• [Exercise directions]: Everything below from the line with "Holiday home Modernes" through the line with "اجرای هفت اثر" should be copied exactly, and nothing else; leave out the pictures.

• [Given records]:

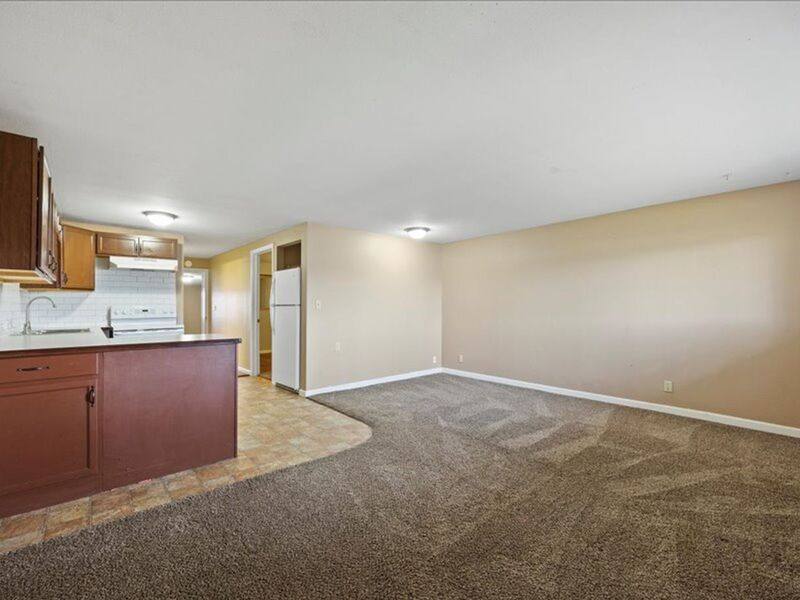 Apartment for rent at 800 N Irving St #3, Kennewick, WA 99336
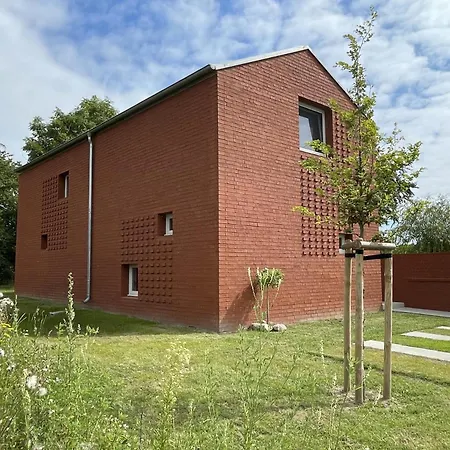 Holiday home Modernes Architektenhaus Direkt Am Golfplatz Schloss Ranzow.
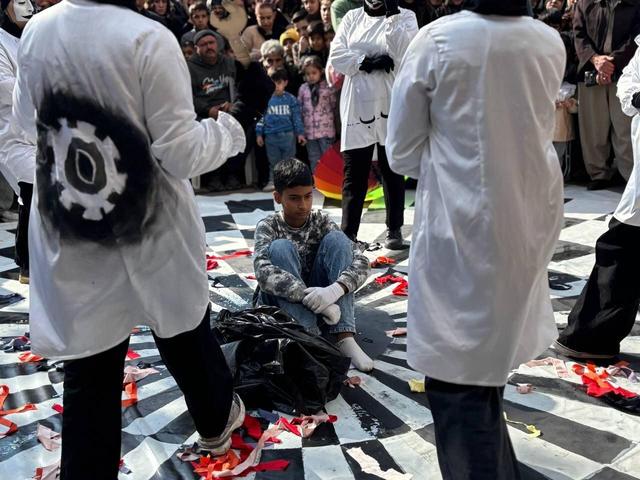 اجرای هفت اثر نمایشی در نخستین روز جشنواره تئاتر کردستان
--
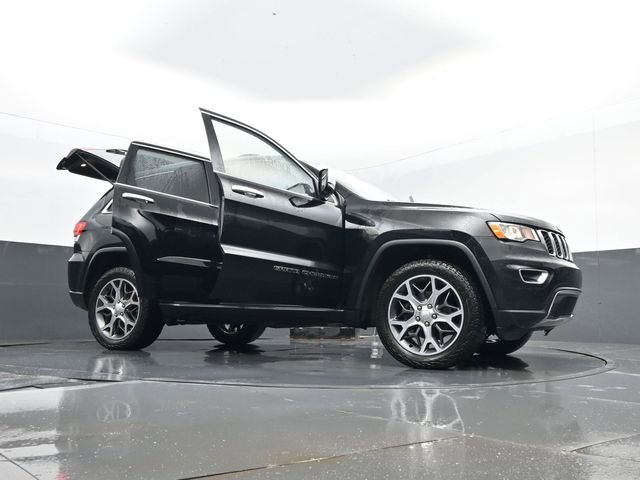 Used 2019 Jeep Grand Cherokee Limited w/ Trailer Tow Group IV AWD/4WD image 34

• [Final answer]:
 Holiday home Modernes Architektenhaus Direkt Am Golfplatz Schloss Ranzow.
 اجرای هفت اثر نمایشی در نخستین روز جشنواره تئاتر کردستان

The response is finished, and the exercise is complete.